Your task:
What is needed is an exact copy of the listing, with no pictures in it.

Recorded information:
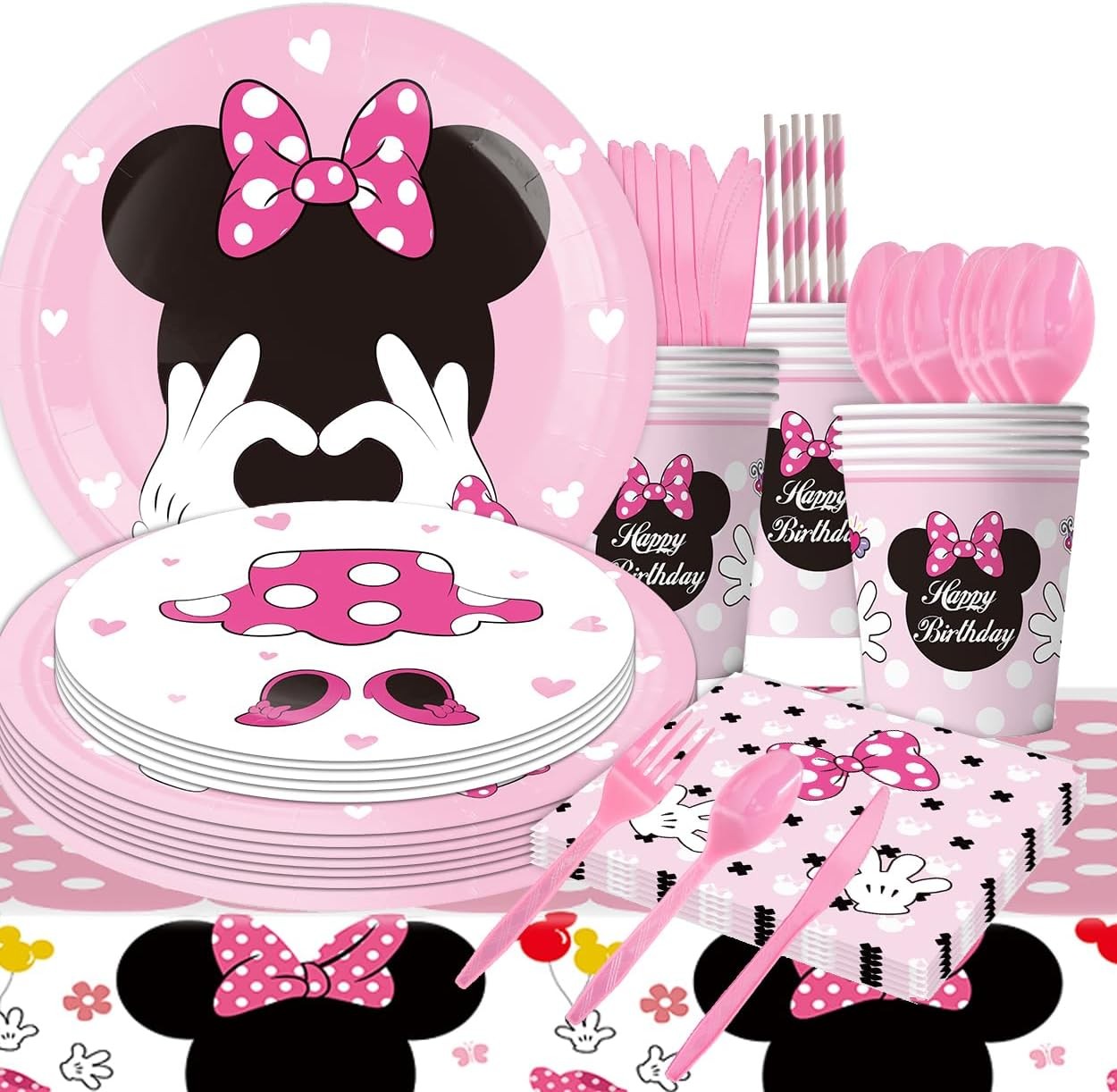 91Pcs Pink Mouse Party Supplies Tableware Set Cartoon Birthday Decorations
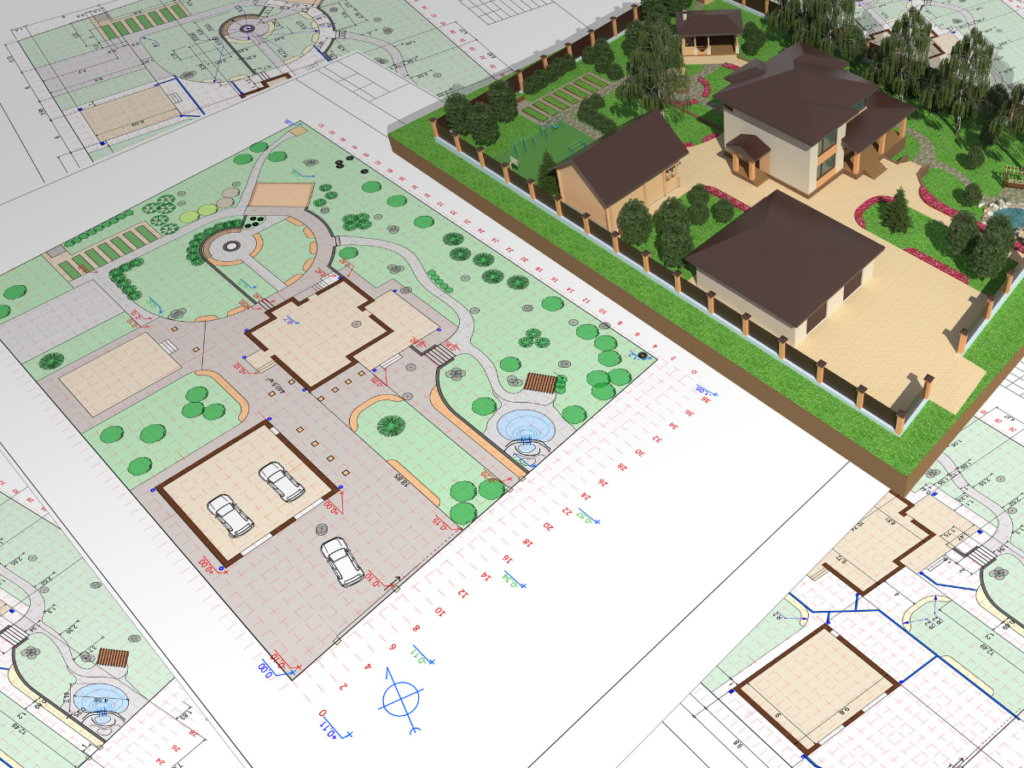 A 3D architectural rendering of a residential property is shown alongside detailed site and landscape plans with measurements, layout drawings, and thoughtfully integrated walkway design.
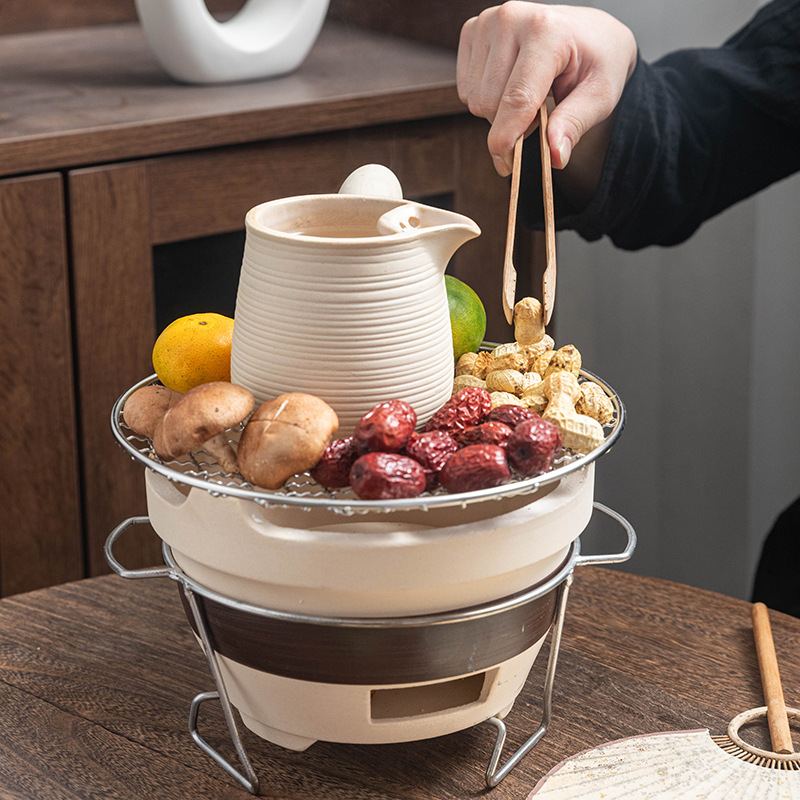 围炉煮茶罐罐茶壶煮茶器具室内家用全套烧烤炉户外打-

Completed exercise:
 91Pcs Pink Mouse Party Supplies Tableware Set Cartoon Birthday Decorations
 A 3D architectural rendering of a residential property is shown alongside detailed site and landscape plans with measurements, layout drawings, and thoughtfully integrated walkway design.
 围炉煮茶罐罐茶壶煮茶器具室内家用全套烧烤炉户外打-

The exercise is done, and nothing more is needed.